So a cosa state pensando: che questo disco in realtà è accreditato a Yusuf, cioè lo pseudonimo che il cantautore inglese nato Steven Demetre Georgiou si scelse nel 1978 quando si convertì alla religione musulmana (il “cognome” Islam non viene mai menzionato per chiare ragioni di marketing), ma sfido chiunque a trovare anche un solo fan del nostro che non si riferisca a lui con il nome con il quale è diventato celebre, cioè Cat Stevens. Da quando il “Gatto” ha riposto il Corano e ripreso in mano la chitarra ha pubblicato tre album, nessuno dei quali va detto è all’altezza dei suoi capolavori degli anni settanta (ma forse meglio di Izitso sì), cioè il buon An Other Cup del 2006 ed i discreti Roadsinger (2009) e Tell’Em I’m Gone (2014); quest’anno cadono i cinquant’anni dal suo debutto (nel 1967 uscirono i suoi primi due lavori, Matthew & Son e New Masters), e Cat decide di celebrarli con The Laughing Apple. Il disco è infatti un omaggio sia ai suoi esordi, dai quali vengono riprese quattro canzoni (Blackness Of The Night, The Laughing Apple, Northern Wind e I’m So Sleepy, tutte tratte da New Masters), sia al suo periodo più classico, richiamato fin dalla copertina (che ricorda volutamente quelle dei celebri Tea For The Tillerman e Teaser And The Firecat), ma anche dagli arrangiamenti semplici e folk, in contrasto con il suono dei suoi primi due album che erano di genere pop con orchestrazioni un po’ ridondanti, anche se contenevano classici assoluti come Matthew And Son, Here Comes My Baby e The First Cut Is The Deepest.
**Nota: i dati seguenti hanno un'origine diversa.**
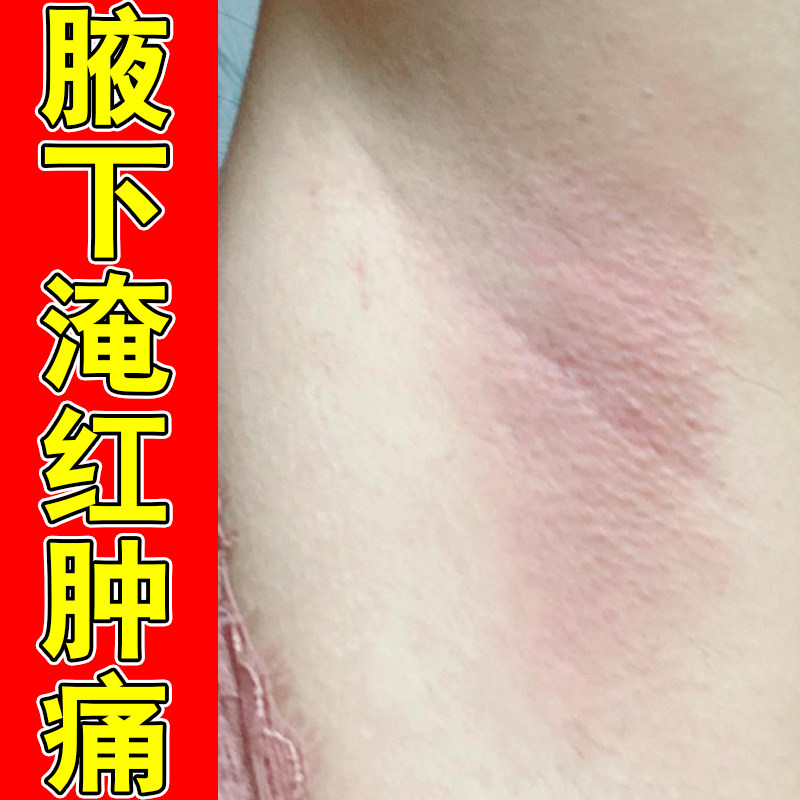 腋下淹红肿痛皮肤干燥蜕皮起红斑过敏神经性换季胳肢窝红疙瘩痘痒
E per completare il richiamo al passato, Cat ha richiamato il produttore dei suoi dischi migliori, cioè Paul Samwell-Smith (già membro fondatore degli Yardbirds) ed anche il suo chitarrista preferito, Alun Davies (completano il ristretto gruppo di musicisti l’ex bassista dei Fairport Convention, Maartin Allcock, ed il batterista ghanese Kwame Yeboah). The Laughing Apple è quindi un disco volutamente nostalgico, autocitazionista, al limite del ruffiano (da qui il titolo del post), ma anche il miglior album di Cat/Yusuf da quando ha ripreso a fare musica, ispirato e suonato con forza: se non fosse per la voce leggermente invecchiata (ma non più di tanto), sembrerebbe quasi di avere tra le mani un disco inedito dell’epoca, risalente magari al periodo tra Catch Bull At Four e Foreigner: Il CD si apre con la nuova versione di Blackness Of The Night, la più nota tra le quattro canzoni riprese: sempre splendida, più lenta e con un arrangiamento leggero e sobrio, che mette in primo piano la melodia, accompagnata solo dalla chitarra, la sezione ritmica ed una spolverata di organo. Forse meglio dell’originale. See What Love Did To Me è vivace e solare, la chitarra è suonata con molta forza ed a metà canzone spunta un intermezzo orientaleggiante; la title track ha un’atmosfera quasi rinascimentale, un motivo decisamente evocativo ed anche qui un’interessante fusione con la musica araba, mentre la delicata Olive Hill è una filastrocca dal sapore folk, chiudete gli occhi e vi sembrerà di tornare indietro di più di quarant’anni (anche se il brano è nuovo).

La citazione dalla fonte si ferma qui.